Última oportunidad para Sheila Barrero: «la espina clavada» de la UCO

ASTURIAS

Julia Fernández, madre de Sheila Barrero
Julia Fernández, madre de Sheila Barrero Facebook Sheila Barrero

La familia de la joven asesinada en Degaña recuerda que la UCO volvió a empezar de cero la investigación, utilizó toda la tecnología y llegó a la misma conclusión que hace 15 años

05 jun 2019 . Actualizado a las 05:00 h.

Cada vez que tenían alguna novedad, que recibían algún comentario o alguien les escribía a la web, algún miembro de la familia marcaba el número de la UCO. Aprovechaba la oportunidad para preguntarle al agente de la Guardia Civil cómo iban las pesquisas. Invariablemente, la respuesta era la misma: «Se está trabajando en ello». Hubo momentos de desaliento, donde la respuesta de los investigadores tan solo parecía una fórmula aprendida para quitarles de delante. En 15 años hay muchos días de esos. Pero la respuesta no una manera de esquivar la responsabilidad. Mónica Barrero, la hermana de Sheila Barrero, la joven de Degaña asesinada el 24 de enero de 2004, reconoce que Sheila «ha sido una espina clavada para la UCO, que siempre ha tenido un hueco para seguir con su caso». Agradece su tenacidad, porque ha trabajado «más allá de lo que debería, con la cantidad de casos que hay en España». Ha vuelto a empezar de cero, ha utilizado toda la tecnología a su alcance y ha llegado a la misma conclusión: las pruebas apuntan al exnovio. La familia cruza los dedos. Está ante su última oportunidad. En menos de cinco años el asesinato prescribirá y entonces ya no habrá marcha atrás.

Los Barrero cruzan los dedos y miran con ansiedad a la Fiscalía. Sus desencuentros con el ministerio público se remontan al principio de la investigación. Creen que siempre ha habido pruebas suficientes para encausar al exnovio de Sheila y recuerdan que llegó a estar imputado durante varios años, que no fue un simple sospechoso. Critican las inacción del fiscal superior al que le tocó originalmente el caso, el fallecido Gerardo Herrero, al que llegaron a grabar en una conversación en la que decía que no pedía pruebas porque ya lo hacía la familias a través de la acusación particular. Esperan que la actual responsable, Esther Fernández, propine un giro a la situación, aunque hasta ahora no han visto ningún cambio de actitud. Desde que el juzgado de Cangas del Narcea reabrió la investigación, en octubre de 2018, a la vista de los nuevos informes, la fiscalía ni siquiera ha estado presente en las testificales. «¿Qué interés va a tener la UCO en que el culpable sea él?», se pregunta en voz alta Mónica Barrera, en referencia al principal sospecho, ese al que las pruebas han apuntado una y otra vez. «Ahora ya no son indicios. ¿Qué más necesitan?», insiste.

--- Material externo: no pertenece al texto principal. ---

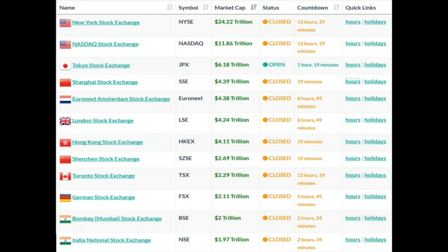Looking at the first item on the list — the New York Stock Exchange, symbol NYSE — it has a market capitalization of $24.22 trillion, making it easily the largest stock exchange. At the time of recording the status shows it is closed with a countdown of 13 hours and 19 minutes. Those two columns tell you: if the market is open, the countdown clock shows time until it closes — either end of the trading day or end of the morning session, since some Asian exchanges have a lunch break.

Han pasado 15 años. El tiempo ha sido un duro lastre para la familia. En uno u otro momento, todos han tenido que pasar por la consulta de un psicólogo. Su madre, al dolor por la pérdida violenta de una hija, suma la falta de un culpable. Los sobrinos de Sheila Barrero han crecido con el sufrimiento de sus padres por su pérdida. Así que cuando el abogado que defiende al exnovio reclama respeto porque ahora es padre de dos hijos, Mónica Barrero se escandaliza. «Lo único que están haciendo es echar mierda sobre el trabajo de la Guardia Civil. ¿Por qué los agentes le van a tener inquina, como insinúan? Daño se le hizo a Sheila, que nunca volverá», argumenta. Se indigna porque el letrado de la defensa califica de «marrullero» el nuevo informe oficial, con todas las nuevas pruebas.